Electrifying the US Postal Service fleet would be one of the most effective ways for the federal government to encourage EV adoption (while saving taxpayers billions of dollars and eliminating tons of emissions). However, there is a strong faction at the agency that seems determined to prevent that from happening, and some see the draft environmental impact statement (EIS) that the agency released last week as the latest salvo from the “save the gas vehicles” contingent.
In February, the USPS decided to award a $6-billion contract to Oshkosh Defense to build a new delivery vehicle to replace the agency’s sadly outdated fleet. Under the current proposal, only 10% of these will be electric, and the new EIS seems designed to support this plan.
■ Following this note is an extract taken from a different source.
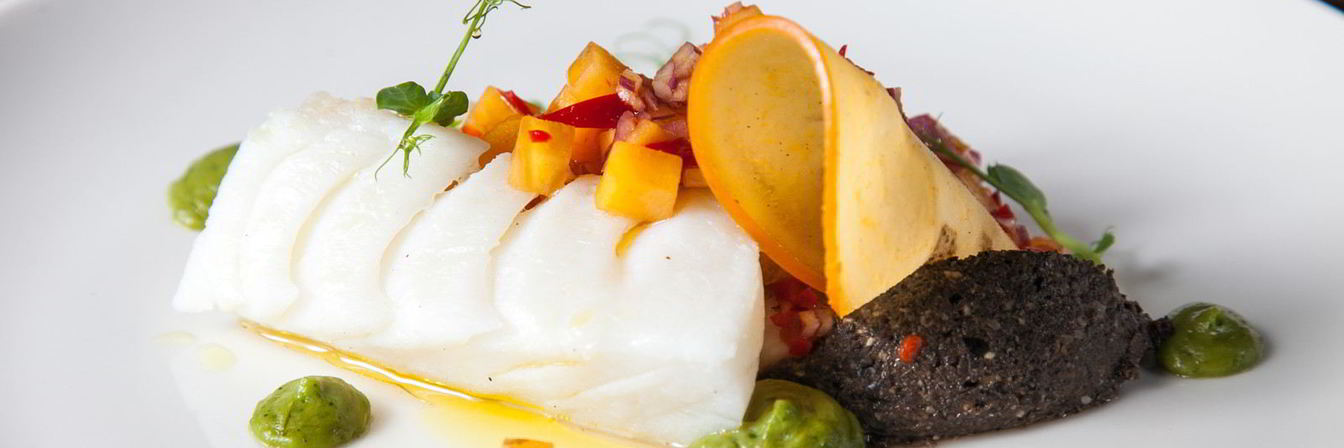 Паровая треска с сальсой из хурмы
The Zero Emission Transportation Association (ZETA) says the EIS “demonstrates a clear, illogical commitment to ICE vehicles over battery-electric vehicles, which hinges on outdated and incorrect information.”
The EIS looks at only two alternative scenarios for the new fleet: 90% ICE vehicles and 10% EVs; or 100% EVs. The USPS does not consider the 75% EV fleet composition proposed in the Postal Vehicle Modernization Act (HR1636), sponsored by US Representative Jared Huffman.
The EIS report acknowledges that a 100% EV fleet would produce 200% less emissions than the 90% ICE/10% EV option, but calls electrification financially infeasible considering the current financial status of the USPS. According to ZETA, this analysis is inaccurate for several reasons: “The cost calculation inexplicably uses nickel manganese batteries, which are more expensive—and less common and efficient—than EV industry-standard lithium-ion batteries. Furthermore, the USPS’s conclusions about BEVs’ financial impact did not consider its own analysis about the social cost of carbon: The USPS calculated that the 100% BEV scenario could save three times as much in social costs compared to the 90% ICE and 10% BEV scenario. The EIS also cites the cost of charging infrastructure as a barrier to the 100% BEV scenario, but it does not list the assumptions or calculations used to make that conclusion.”
A recent report from the Electrification Coalition and Atlas Public Policy found that “USPS offers a uniquely strong case for vehicle electrification.” According to the study, “Federal Fleet Electrification Assessment,” by 2025, EVs will be less expensive than conventional vehicles for more than 99 percent of the USPS light-duty fleet, and electrification could save taxpayers some $2.9 billion. By 2030, that figure increases to nearly 100 percent, and the switch could save $4.6 billion.
The USPS also concluded that EVs are incapable of handling the distance, weather conditions, or charging requirements on up to 12,500 of the agency’s 232,000 routes. As ZETA point out, the supposedly EV-unfriendly routes represent less than 5.4% of the USPS’s total routes. Furthermore, the USPS does not plan to replace 100% of its existing fleet—rather, it is replacing 22.9% to 75.6% of its fleet over the next ten years.
“Its remaining vehicles could easily cover these routes, or the USPS could purchase a small percentage of new, fuel-efficient ICE vehicles to cover these routes,” writes ZETA. “The USPS inexplicably argues that because 5.4% of its routes are not a good fit for electrification, it is justified in acquiring a 90% gas-powered new fleet.”
“The USPS cherry-picked their models and data in order to weave the narrative they needed to justify their decision to pursue [a mostly ICE fleet],” ZETA concludes. “The USPS’s EIS shows a clear bias against BEVs by excluding data, relying on unrealistic assumptions, and mistaking simple facts.”
ZETA plans to participate in the formal public comment period of the draft EIS.